▸ RECORDED INFORMATION
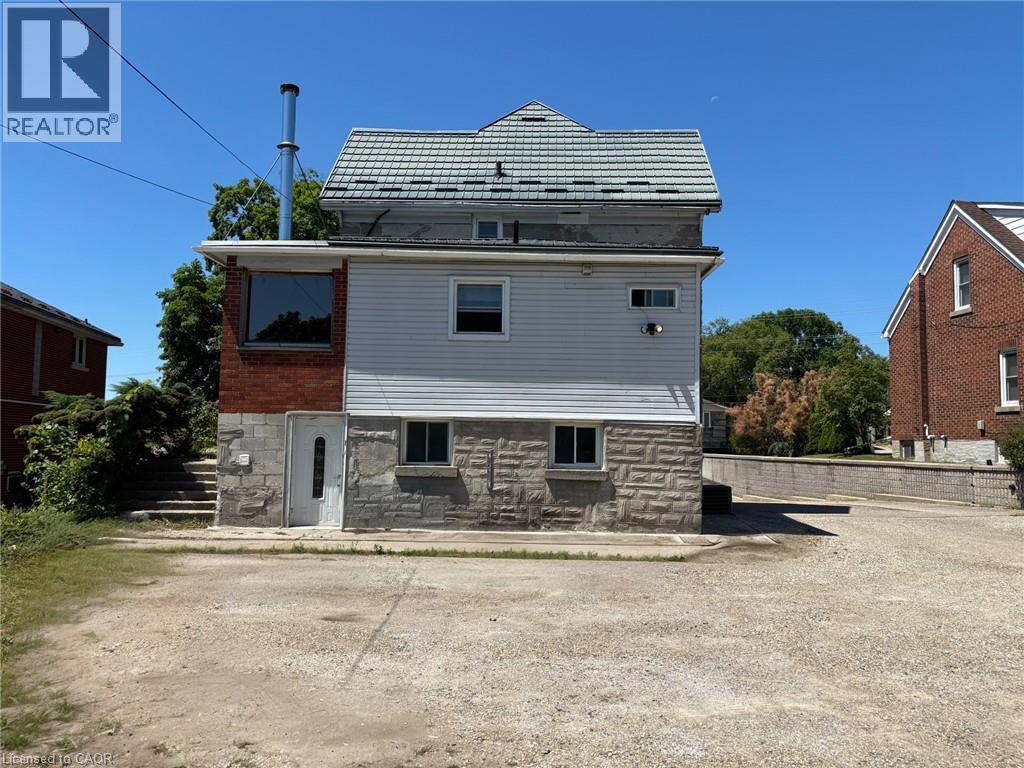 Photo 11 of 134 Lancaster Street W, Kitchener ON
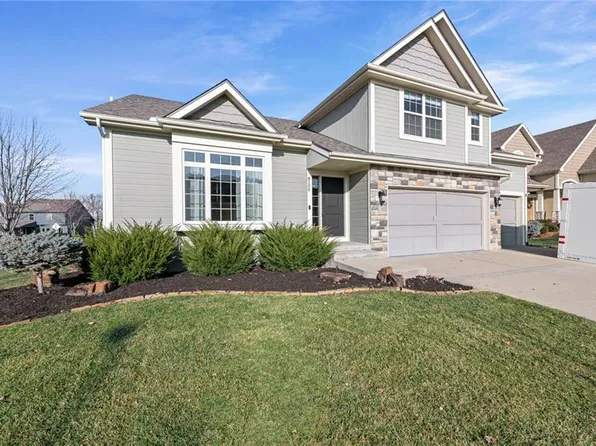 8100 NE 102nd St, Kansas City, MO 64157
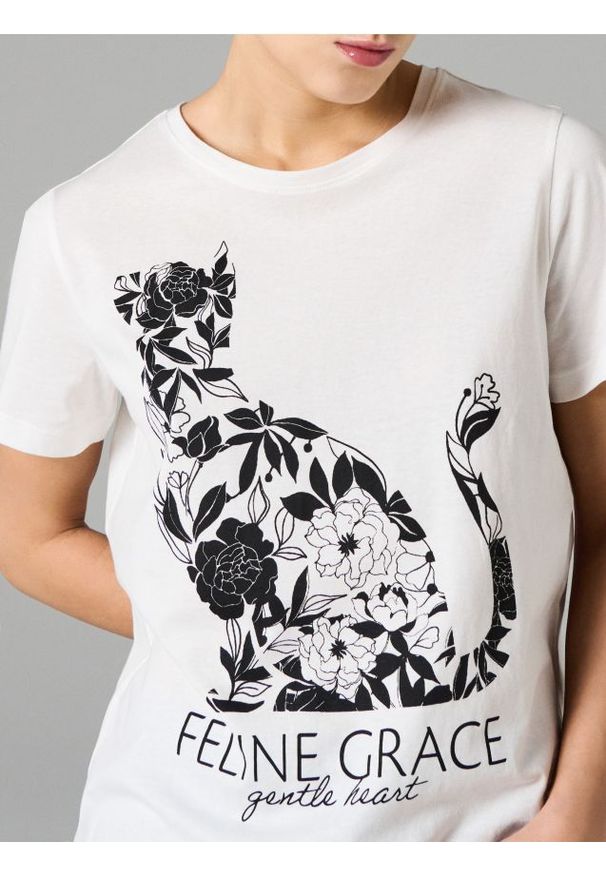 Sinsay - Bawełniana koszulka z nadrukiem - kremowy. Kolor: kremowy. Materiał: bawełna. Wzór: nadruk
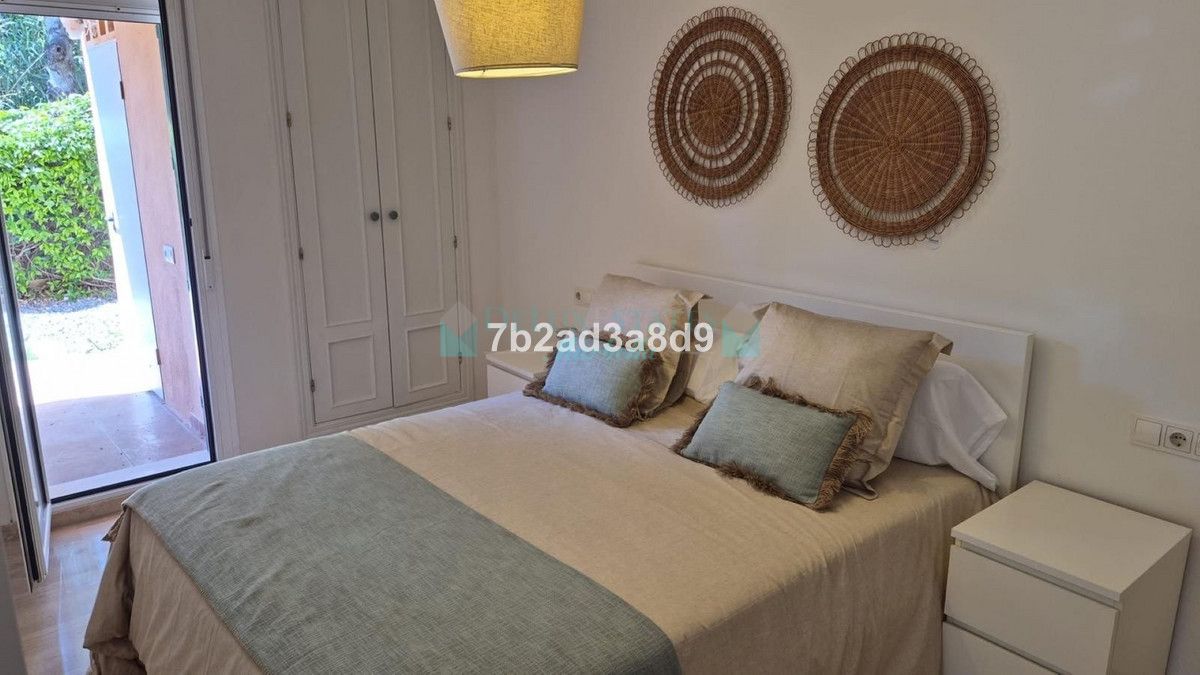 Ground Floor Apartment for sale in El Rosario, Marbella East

▸ TASK TO CARRY OUT
The lines above should be transcribed exactly, with every image removed.

▸ TASK ANSWER
 Photo 11 of 134 Lancaster Street W, Kitchener ON
 8100 NE 102nd St, Kansas City, MO 64157
 Sinsay - Bawełniana koszulka z nadrukiem - kremowy. Kolor: kremowy. Materiał: bawełna. Wzór: nadruk
 Ground Floor Apartment for sale in El Rosario, Marbella East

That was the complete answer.